=== WHAT NEEDS TO BE DONE ===
An exact reproduction of all entries is required.
□ □ □ □ □
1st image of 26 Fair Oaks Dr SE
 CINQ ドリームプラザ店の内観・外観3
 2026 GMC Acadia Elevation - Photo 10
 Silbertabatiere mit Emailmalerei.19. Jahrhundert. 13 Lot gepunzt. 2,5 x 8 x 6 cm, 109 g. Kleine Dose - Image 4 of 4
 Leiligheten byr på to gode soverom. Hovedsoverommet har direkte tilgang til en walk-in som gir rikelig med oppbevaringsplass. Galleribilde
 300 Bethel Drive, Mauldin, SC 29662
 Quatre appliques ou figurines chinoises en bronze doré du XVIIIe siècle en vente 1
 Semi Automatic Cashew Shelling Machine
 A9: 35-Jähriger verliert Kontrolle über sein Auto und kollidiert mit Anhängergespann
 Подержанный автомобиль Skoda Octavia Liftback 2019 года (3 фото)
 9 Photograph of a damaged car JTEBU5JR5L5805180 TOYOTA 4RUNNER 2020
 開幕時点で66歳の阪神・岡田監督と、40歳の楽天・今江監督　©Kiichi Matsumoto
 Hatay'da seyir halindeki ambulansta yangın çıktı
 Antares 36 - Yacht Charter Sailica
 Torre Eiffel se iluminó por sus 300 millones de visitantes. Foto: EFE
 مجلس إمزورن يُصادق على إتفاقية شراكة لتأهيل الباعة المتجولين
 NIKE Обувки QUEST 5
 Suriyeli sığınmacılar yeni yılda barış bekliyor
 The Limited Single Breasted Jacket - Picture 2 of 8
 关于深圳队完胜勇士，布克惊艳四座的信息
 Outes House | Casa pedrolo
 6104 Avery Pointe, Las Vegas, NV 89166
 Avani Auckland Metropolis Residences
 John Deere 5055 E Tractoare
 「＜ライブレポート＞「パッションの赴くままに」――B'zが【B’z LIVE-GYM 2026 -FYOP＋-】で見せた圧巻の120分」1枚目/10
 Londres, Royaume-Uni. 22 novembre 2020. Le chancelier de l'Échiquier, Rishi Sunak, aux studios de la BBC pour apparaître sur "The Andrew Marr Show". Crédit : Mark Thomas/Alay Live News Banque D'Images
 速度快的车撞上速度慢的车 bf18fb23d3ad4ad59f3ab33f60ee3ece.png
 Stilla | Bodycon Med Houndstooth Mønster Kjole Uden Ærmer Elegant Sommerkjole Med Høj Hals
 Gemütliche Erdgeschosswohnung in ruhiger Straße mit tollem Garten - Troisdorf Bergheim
□ □ □ □ □
=== SOLUTION BELOW ===
1st image of 26 Fair Oaks Dr SE
 CINQ ドリームプラザ店の内観・外観3
 2026 GMC Acadia Elevation - Photo 10
 Silbertabatiere mit Emailmalerei.19. Jahrhundert. 13 Lot gepunzt. 2,5 x 8 x 6 cm, 109 g. Kleine Dose - Image 4 of 4
 Leiligheten byr på to gode soverom. Hovedsoverommet har direkte tilgang til en walk-in som gir rikelig med oppbevaringsplass. Galleribilde
 300 Bethel Drive, Mauldin, SC 29662
 Quatre appliques ou figurines chinoises en bronze doré du XVIIIe siècle en vente 1
 Semi Automatic Cashew Shelling Machine
 A9: 35-Jähriger verliert Kontrolle über sein Auto und kollidiert mit Anhängergespann
 Подержанный автомобиль Skoda Octavia Liftback 2019 года (3 фото)
 9 Photograph of a damaged car JTEBU5JR5L5805180 TOYOTA 4RUNNER 2020
 開幕時点で66歳の阪神・岡田監督と、40歳の楽天・今江監督　©Kiichi Matsumoto
 Hatay'da seyir halindeki ambulansta yangın çıktı
 Antares 36 - Yacht Charter Sailica
 Torre Eiffel se iluminó por sus 300 millones de visitantes. Foto: EFE
 مجلس إمزورن يُصادق على إتفاقية شراكة لتأهيل الباعة المتجولين
 NIKE Обувки QUEST 5
 Suriyeli sığınmacılar yeni yılda barış bekliyor
 The Limited Single Breasted Jacket - Picture 2 of 8
 关于深圳队完胜勇士，布克惊艳四座的信息
 Outes House | Casa pedrolo
 6104 Avery Pointe, Las Vegas, NV 89166
 Avani Auckland Metropolis Residences
 John Deere 5055 E Tractoare
 「＜ライブレポート＞「パッションの赴くままに」――B'zが【B’z LIVE-GYM 2026 -FYOP＋-】で見せた圧巻の120分」1枚目/10
 Londres, Royaume-Uni. 22 novembre 2020. Le chancelier de l'Échiquier, Rishi Sunak, aux studios de la BBC pour apparaître sur "The Andrew Marr Show". Crédit : Mark Thomas/Alay Live News Banque D'Images
 速度快的车撞上速度慢的车 bf18fb23d3ad4ad59f3ab33f60ee3ece.png
 Stilla | Bodycon Med Houndstooth Mønster Kjole Uden Ærmer Elegant Sommerkjole Med Høj Hals
 Gemütliche Erdgeschosswohnung in ruhiger Straße mit tollem Garten - Troisdorf Bergheim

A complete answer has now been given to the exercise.